Z badania brzuch nie wzdęty, nie bolesny, perystaltyka ok, temp nie było.
Dostała 2 zastrzyki (nie wiem z czego) i była leczona pod kontem zapalenia żołądka.
Dostała do domu 2 saszetki Royal Gastro
Po kilku godzinach miałem dać i dałem, zjadła ale w nocy wszystko zwymiotowała plus jeszcze do południa kolejnego dnia kilka razy ale to już sama woda/piana.

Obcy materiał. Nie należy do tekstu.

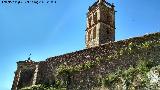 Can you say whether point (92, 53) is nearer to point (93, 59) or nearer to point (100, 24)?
point (93, 59)

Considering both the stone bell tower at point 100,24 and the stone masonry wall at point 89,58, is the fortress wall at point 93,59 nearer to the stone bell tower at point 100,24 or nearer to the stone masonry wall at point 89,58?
the stone masonry wall at point 89,58

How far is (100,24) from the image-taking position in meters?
39.2

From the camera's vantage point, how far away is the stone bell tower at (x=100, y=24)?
38.9m

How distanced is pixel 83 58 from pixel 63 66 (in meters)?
2.01

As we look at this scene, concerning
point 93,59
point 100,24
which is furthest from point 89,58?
point 100,24

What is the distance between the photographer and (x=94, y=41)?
128ft

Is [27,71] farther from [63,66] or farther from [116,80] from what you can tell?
[116,80]

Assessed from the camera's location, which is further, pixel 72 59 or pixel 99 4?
pixel 99 4

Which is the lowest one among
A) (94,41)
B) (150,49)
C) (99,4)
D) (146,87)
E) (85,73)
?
(146,87)

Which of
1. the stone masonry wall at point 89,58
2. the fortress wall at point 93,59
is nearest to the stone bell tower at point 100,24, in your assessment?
the stone masonry wall at point 89,58

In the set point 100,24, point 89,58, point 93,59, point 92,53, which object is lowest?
point 93,59

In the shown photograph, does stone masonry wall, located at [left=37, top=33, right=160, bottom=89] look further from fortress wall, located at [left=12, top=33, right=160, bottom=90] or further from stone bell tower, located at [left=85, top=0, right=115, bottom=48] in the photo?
stone bell tower, located at [left=85, top=0, right=115, bottom=48]

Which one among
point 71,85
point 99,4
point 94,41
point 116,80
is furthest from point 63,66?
point 99,4

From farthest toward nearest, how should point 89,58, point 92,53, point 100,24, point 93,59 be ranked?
point 100,24 → point 92,53 → point 89,58 → point 93,59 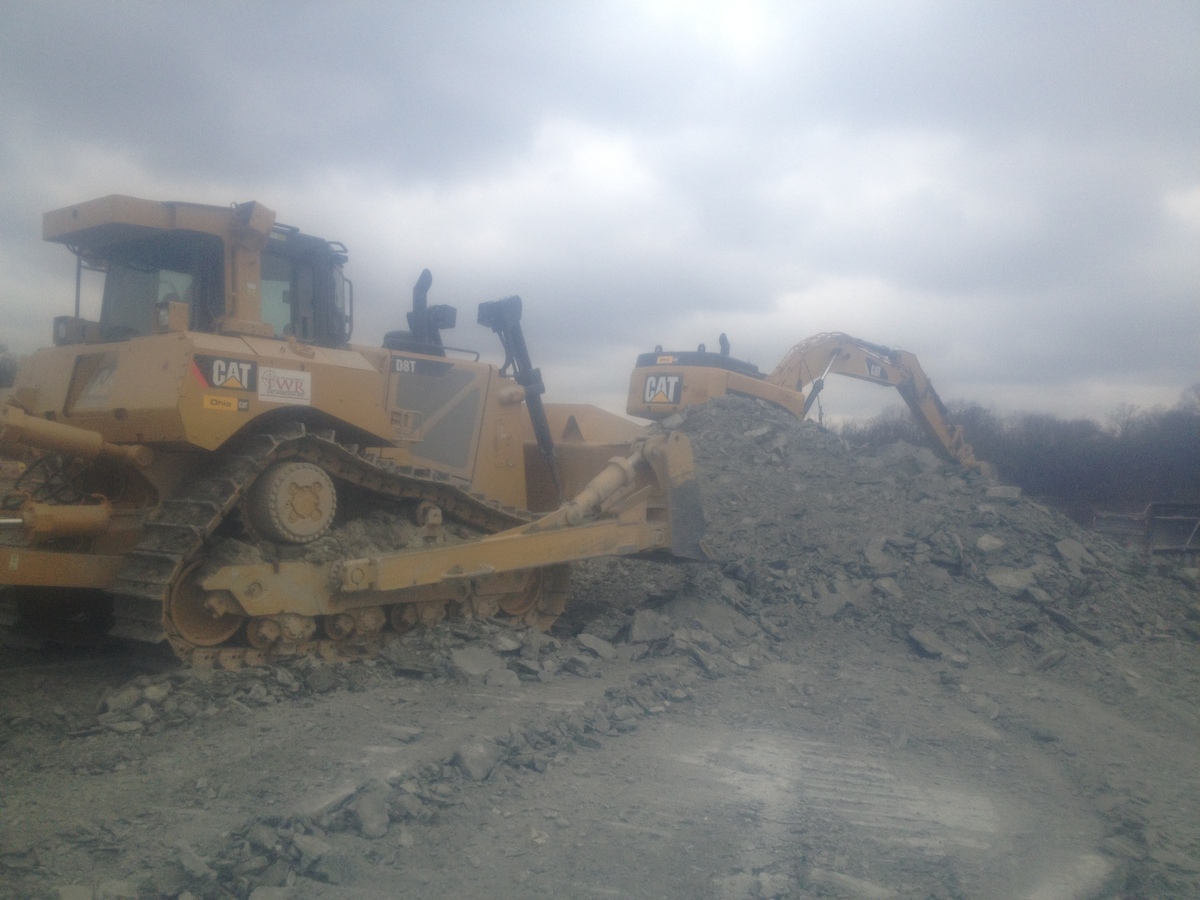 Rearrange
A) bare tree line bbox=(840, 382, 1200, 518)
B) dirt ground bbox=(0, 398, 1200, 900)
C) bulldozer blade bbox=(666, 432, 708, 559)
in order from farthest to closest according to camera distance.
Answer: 1. bare tree line bbox=(840, 382, 1200, 518)
2. bulldozer blade bbox=(666, 432, 708, 559)
3. dirt ground bbox=(0, 398, 1200, 900)

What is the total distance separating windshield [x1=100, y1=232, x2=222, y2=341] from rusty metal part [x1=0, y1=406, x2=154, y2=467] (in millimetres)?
914

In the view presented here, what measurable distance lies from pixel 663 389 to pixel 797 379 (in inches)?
102

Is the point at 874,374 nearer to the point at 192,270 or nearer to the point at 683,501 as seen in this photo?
the point at 683,501

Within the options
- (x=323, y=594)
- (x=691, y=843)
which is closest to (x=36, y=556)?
(x=323, y=594)

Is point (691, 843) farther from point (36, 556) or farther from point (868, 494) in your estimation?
point (868, 494)

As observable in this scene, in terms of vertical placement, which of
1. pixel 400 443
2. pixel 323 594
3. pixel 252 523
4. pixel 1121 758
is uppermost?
pixel 400 443

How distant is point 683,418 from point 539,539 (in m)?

Skoro kolejny dzien nadal wymiotowała to była pobrana krew do badań to co było od razu wskazywało głównie na odwodnienie. Dostała kolejne 2 lub 3 zastrzyki i czekamy na wyniki. Wieczorem dałem jej ok 2 łyżki stołowe drobno posiekanej wołowiny chętnie zjadła ale jakiś czas później zwymiotowała.
W nocy był już spokój dziś o 6rano zjadła pół saszetki Royal Gastro i nie zwymiotowała, potem ok 14 drogie pół i wymiotów nie było. Dziś były wyniki podobno niezbyt dobre lekarz wskazuje na cukrzycę, coś dziś znów dostała, kroplówkę na nawodnienie i insulinę którą dostałem w zastrzykach do domu. Do tego mokrej i suchej Royal Diabetic której popołudniu chętnie pojadła i wymiotów nie ma.
Na poczatek lekarz chce ustabilizować cukier a potem ewentualne dalsze leczenie.
Wyniki wstawię poniżej, może coś podpowiecie.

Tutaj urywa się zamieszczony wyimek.